** Opening Dataset content block **

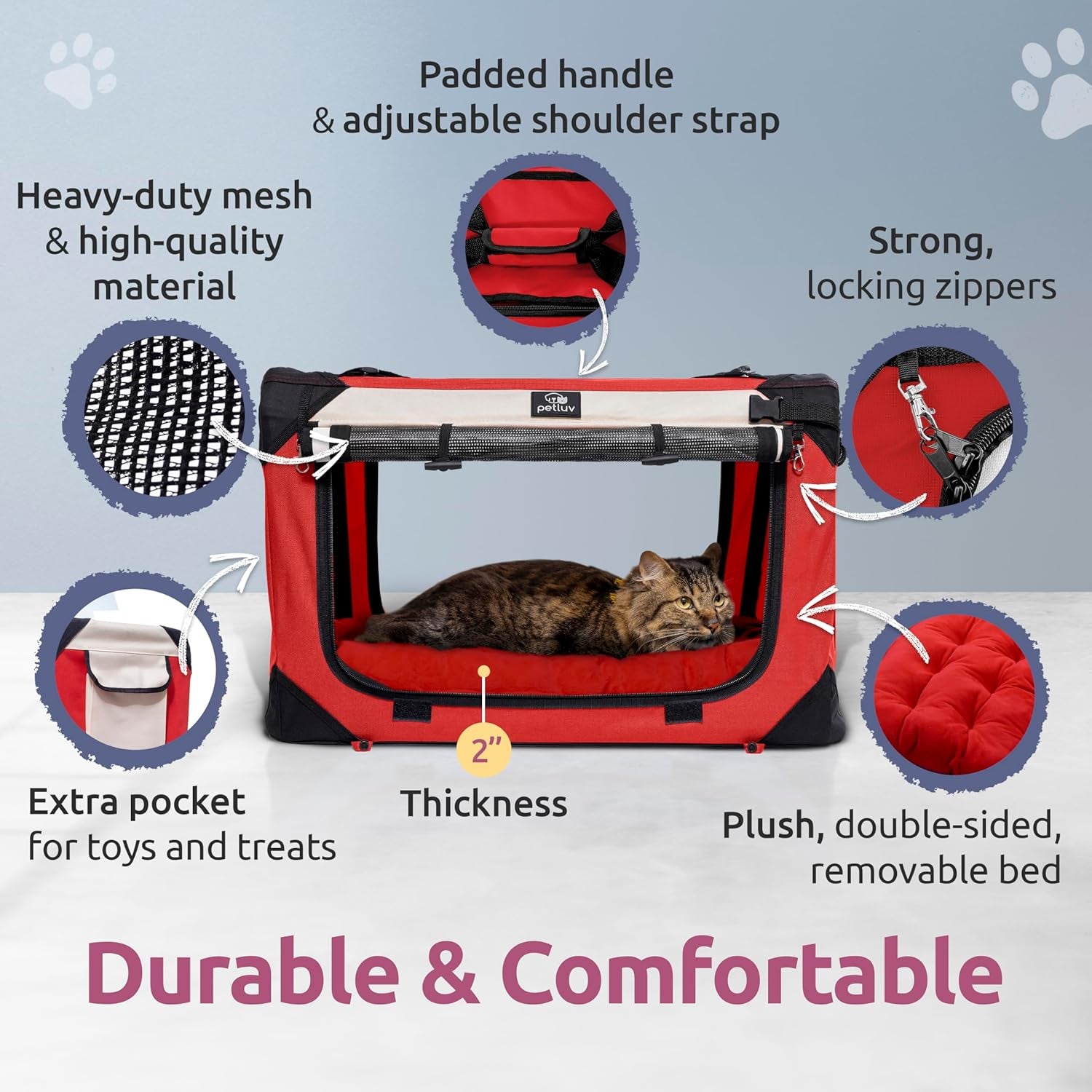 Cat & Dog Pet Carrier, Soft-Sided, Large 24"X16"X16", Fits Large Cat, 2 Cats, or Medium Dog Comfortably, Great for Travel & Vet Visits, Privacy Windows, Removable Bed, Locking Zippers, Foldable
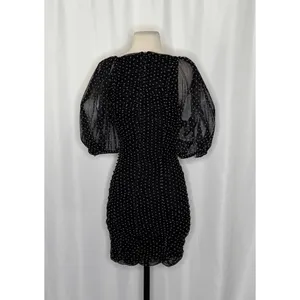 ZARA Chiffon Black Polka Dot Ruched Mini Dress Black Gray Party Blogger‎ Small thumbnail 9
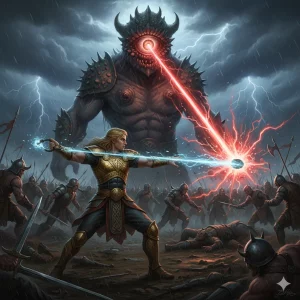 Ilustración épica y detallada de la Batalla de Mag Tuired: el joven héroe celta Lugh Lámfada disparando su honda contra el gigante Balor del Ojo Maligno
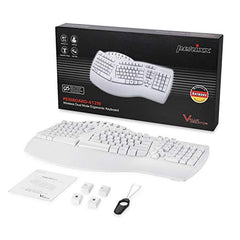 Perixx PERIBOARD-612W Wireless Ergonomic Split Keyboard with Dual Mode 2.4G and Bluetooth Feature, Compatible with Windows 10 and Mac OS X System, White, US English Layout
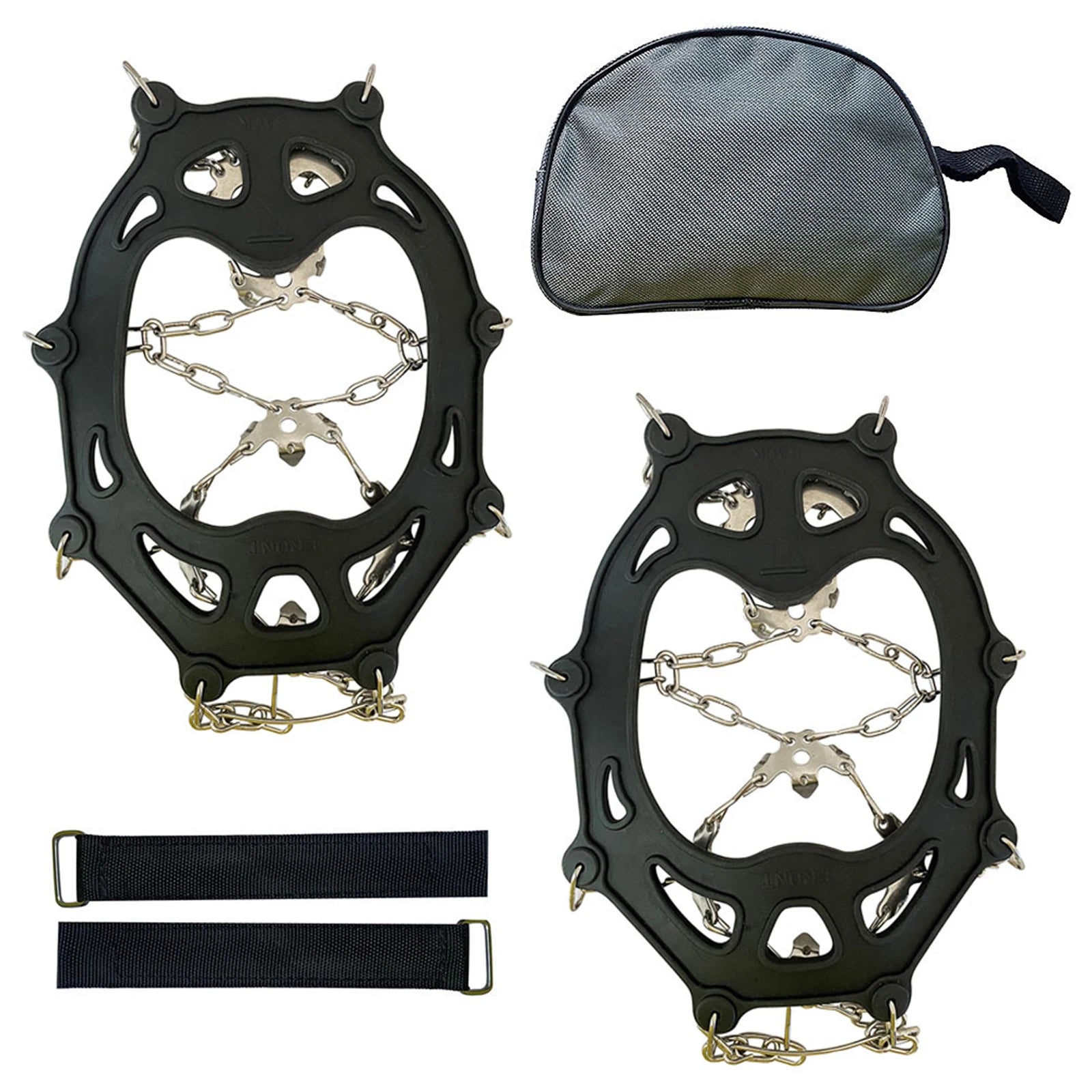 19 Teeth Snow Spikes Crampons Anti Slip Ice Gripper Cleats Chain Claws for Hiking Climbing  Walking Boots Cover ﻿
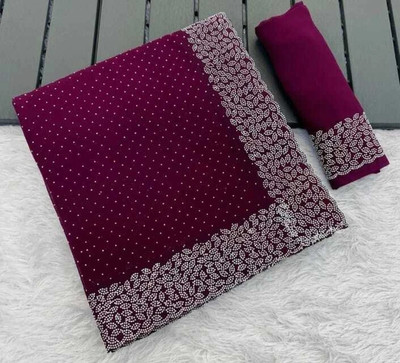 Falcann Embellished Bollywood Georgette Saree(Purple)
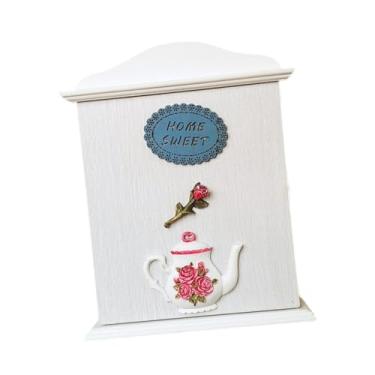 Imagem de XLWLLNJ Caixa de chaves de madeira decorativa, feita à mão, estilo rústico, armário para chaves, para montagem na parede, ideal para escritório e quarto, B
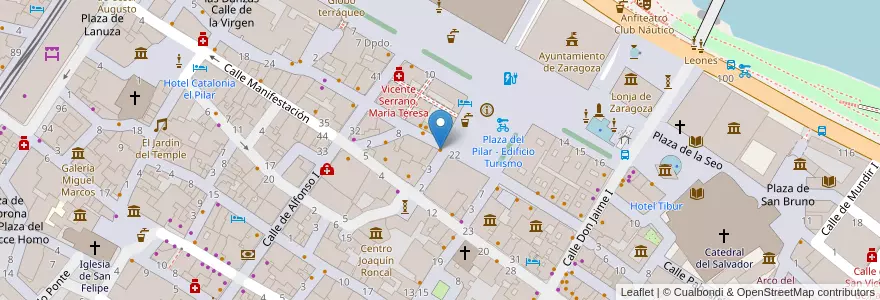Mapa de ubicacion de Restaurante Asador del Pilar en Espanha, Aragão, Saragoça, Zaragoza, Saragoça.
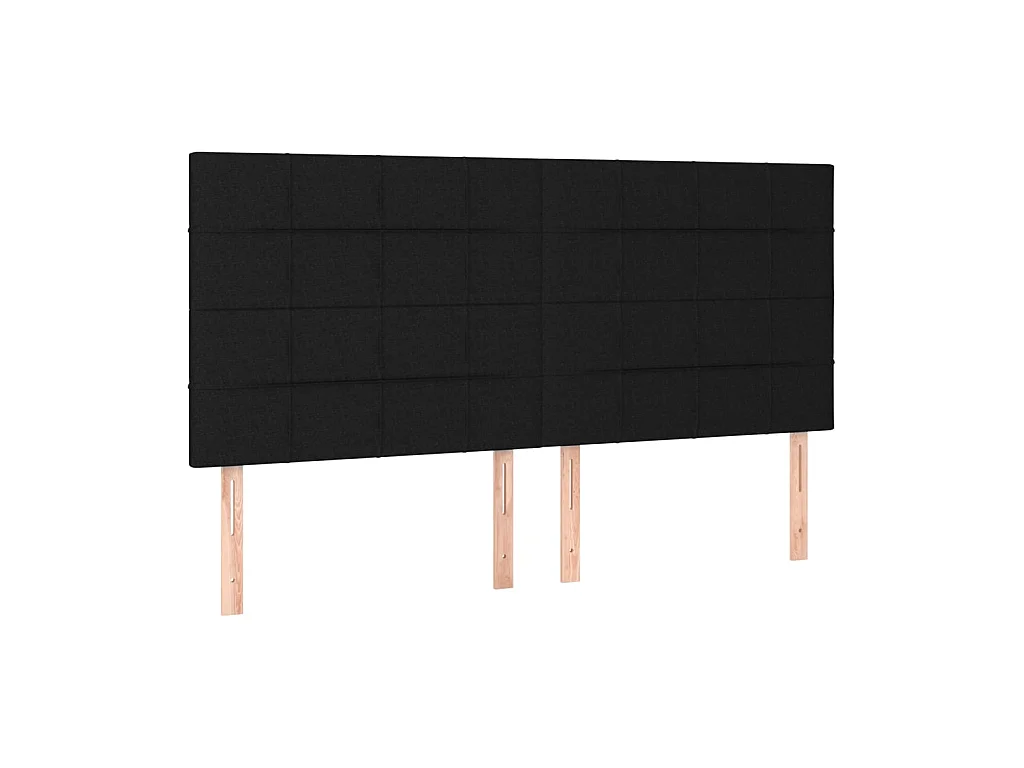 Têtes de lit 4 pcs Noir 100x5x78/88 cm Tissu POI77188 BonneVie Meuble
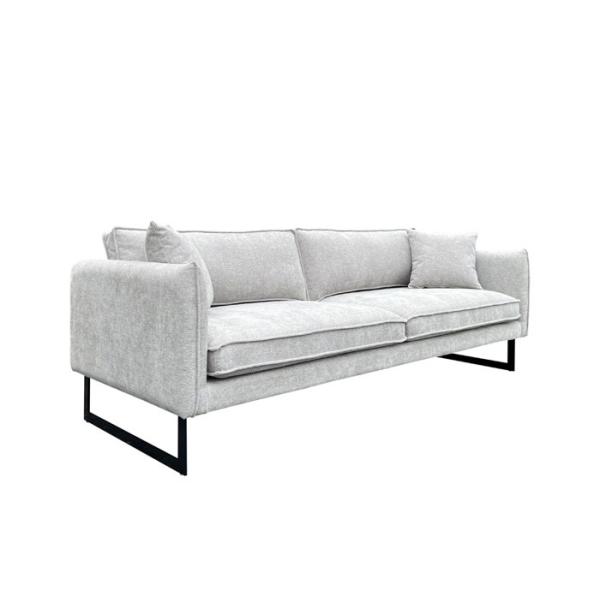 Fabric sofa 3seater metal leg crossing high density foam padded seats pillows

** Closing Dataset content block **

▶ _What to do_:
Write out again only the lines from the line that contains "19 Teeth Snow" through the last line of the records, both ends included, without any of the pictures.

▶ _Task result_:
 19 Teeth Snow Spikes Crampons Anti Slip Ice Gripper Cleats Chain Claws for Hiking Climbing  Walking Boots Cover ﻿
 Falcann Embellished Bollywood Georgette Saree(Purple)
 Imagem de XLWLLNJ Caixa de chaves de madeira decorativa, feita à mão, estilo rústico, armário para chaves, para montagem na parede, ideal para escritório e quarto, B
Mapa de ubicacion de Restaurante Asador del Pilar en Espanha, Aragão, Saragoça, Zaragoza, Saragoça.
 Têtes de lit 4 pcs Noir 100x5x78/88 cm Tissu POI77188 BonneVie Meuble
 Fabric sofa 3seater metal leg crossing high density foam padded seats pillows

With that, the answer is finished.